Кроме несения службы в госпитале, Суворов регулярно участвовал в проводимых экзерцициях, носивших по преимуществу парадный или условно-полевой характер. Ордер-баталии на учебном плацу проводил сам командир батальона Соковнин, его чин гвардии майора приравнивался к генерал-майору армейских войск. В диспозиции, составленной Соковниным, особое внимание уделялось в согласии с «прусской экзерцицией» Миниха, слаженности залповой, а не прицельной: стрельбы. Стреляли плутонгами — подразделениями, на которые делилась рота. Последующие перестроения были сложны и громоздки.

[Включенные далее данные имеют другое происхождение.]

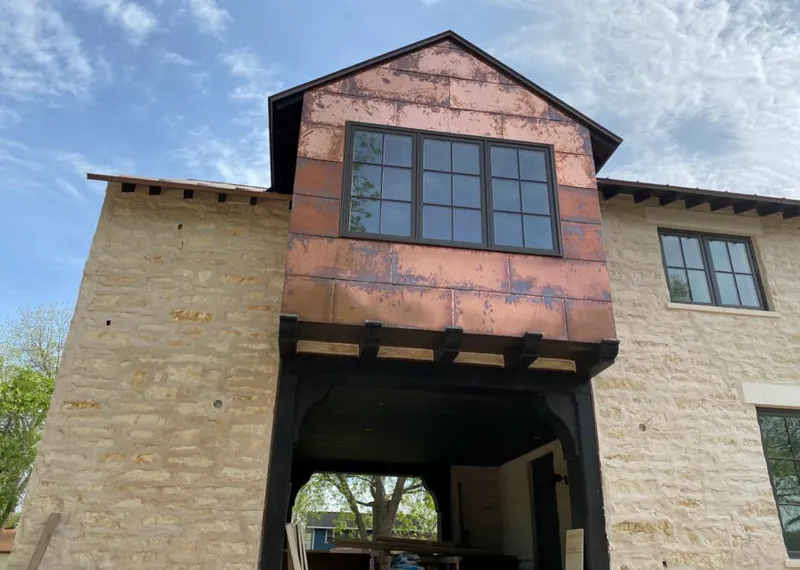 Copper metal panel facade on a stone building for Roof Repair in Mayfield Heights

Майор вызывал одного за другим офицеров, отдававших батальону команды согласно ордер-баталии.

— Маршировать без пальбы три шага по бою одного-барабана! Потом командовать офицерам поплутоножно, аванзируя вперед по три шага, три патрона, и в то время во всех дивизионах бить поход в один барабан!..

Следя за выполнением команд, Соковнин обратил внимание на четкость и отменную чистоту, с которой производили экзерциции солдаты 11-й роты. Однако вызванный из этой роты офицер неожиданно для Соковнина своими распоряжениями весь батальон спутал, так что вместо желаемого перестроения получился один хаос.

— Диспозиции не знаете! — накинулся на вконец растерявшегося поручика Соковнин. — Извольте сдать шпагу и итить под арест!..

Майор медленно проследовал вдоль сломанного строя семеновцев и остановился перед маленьким голубоглазым капралом, который держался молодцевато и у которого все сияло вычищенной медью: пуговицы, эфес тесака, герб на суме.

— Как звать?

— Одиннадцатой роты капрал Александр Суворов! — громко и смело ответил тот, сняв шляпу и держа ее опущенной в левой руке.